Tetapi jika mereka mengambil periwayatan dari orang yang tidak sepaham,
tentu hal ini akan menjadi bukti kuat bahwa hadits yang dikeluarkan
adalah benar dan sahih.
Inilah rahasia kenapa para imam hadits Sunni mencari periwayatan dari
orang-orang yang dianggap Syiah, Khawarij, Nasibi dan sebagainya.
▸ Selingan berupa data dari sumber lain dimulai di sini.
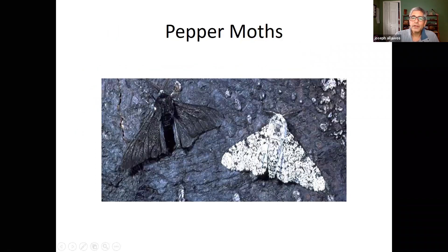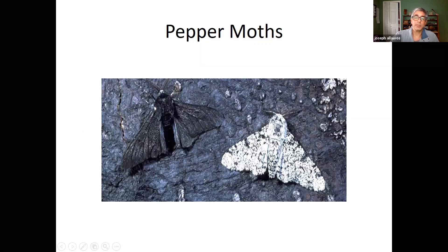Looking at the slide — there's a little lichen shown, and you can see the silver moth blending in and the black moth standing out. In this case, the background is black with soot, so the silver one stands out and the bird is going to come eat it.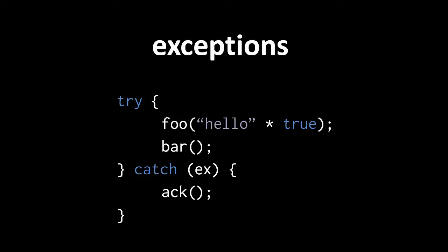The catch clause includes a single variable name in parentheses, which acts something like a function parameter. We're free to name this variable whatever we want, but I always like to call it x, short for exception. This variable is local to the catch clause, so it disappears once execution leaves the catch block.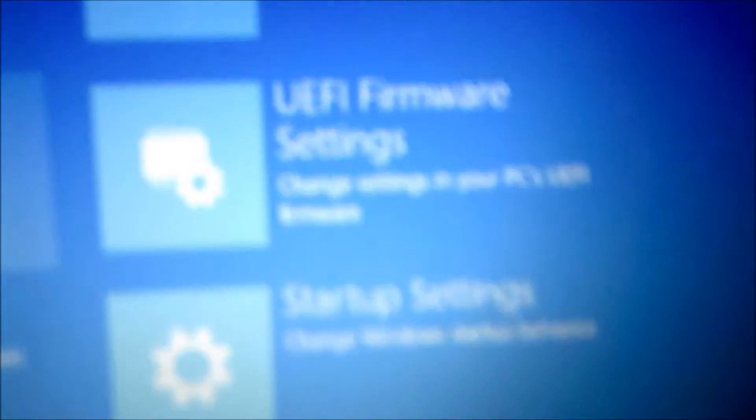Next you'll want to click UEFI firmware settings. Then you'll go over here and click restart.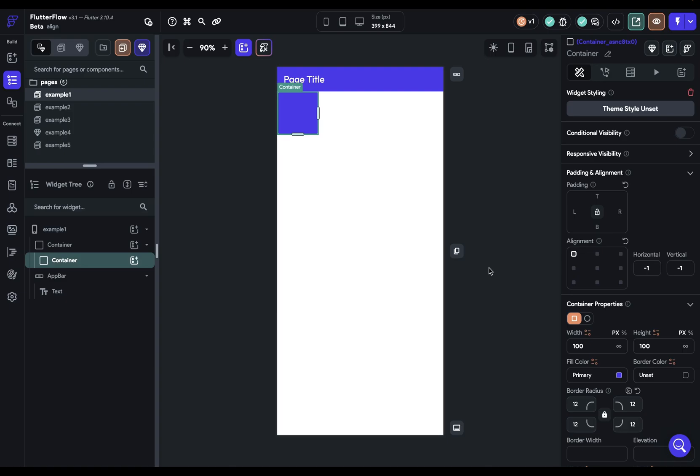The alignment property positions the widget inside the parent exactly where you want. That's this property right here. It's like absolute positioning in CSS.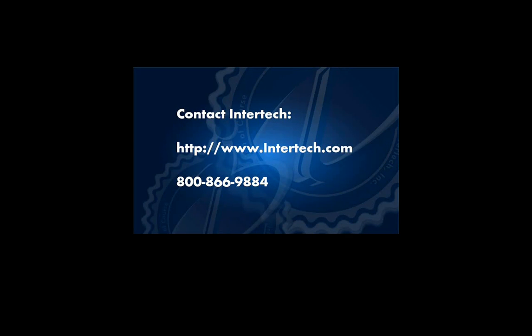For more free learning resources and to see the latest lineup of our instructor-led .NET, Java, and XML courses, visit us at www.intertech.com.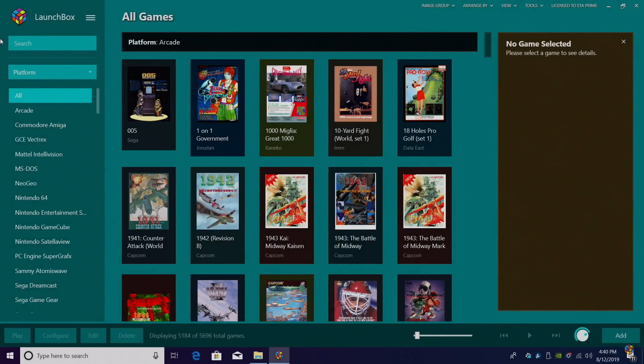What's going on guys? It's ETA Prime back here again with another LaunchBox tutorial. Today we're going to be covering Sega Mark III.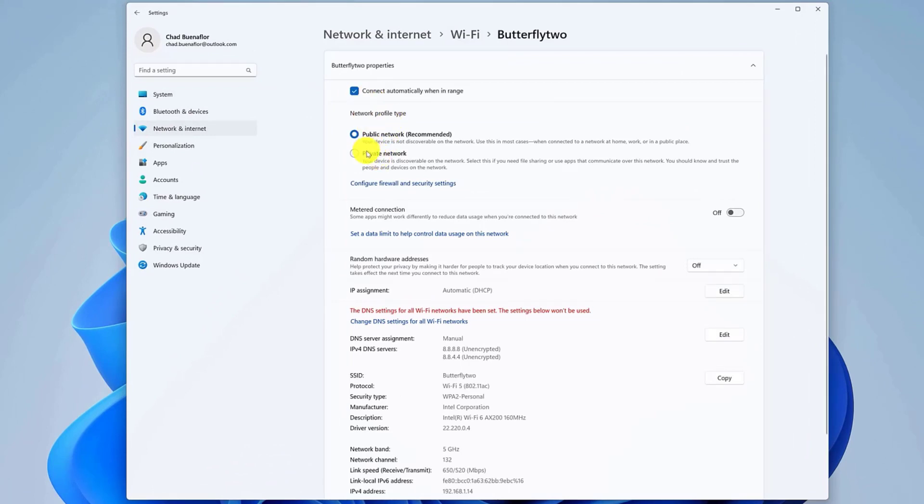Public, your device is not discoverable in the local network. You should use this option in most locations like home, work, or public places.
Namun
penerimaan tersebut dengan syarat-syarat tertentu, yaitu riwayat yang
dikemukakan tidak dalam rangka mendukung golongan mereka dan tidak
menyeru orang lain masuk kelompoknya. (As-Sakhowi, Fatkhul Mughis, juz
I, hal. 332). Jika hal itu terjadi, para muhaditsin tidak akan menerima
hadis-hadis yang diriwayatkan oleh ahli bid’ah seperti itu.
Inilah salah satu kejelian para ulama Islam. Mereka sengaja menggunakan
metode seperti itu agar hadits yang diriwayatkan tidak dicela di
kemudian hari. Bisa jadi orang-orang di luar Sunni akan menolak
hadits-hadits Sunni jika hanya diriwayatkan oleh ulama Sunni
sendiri.*[hdy].
* Oleh Bahrul Ulum (Peniliti pada Institut Pemikiran dan Peradaban Islam (InPAS) Surabaya)
0 komentar:
Speak up your mind
Tell us what you're thinking... !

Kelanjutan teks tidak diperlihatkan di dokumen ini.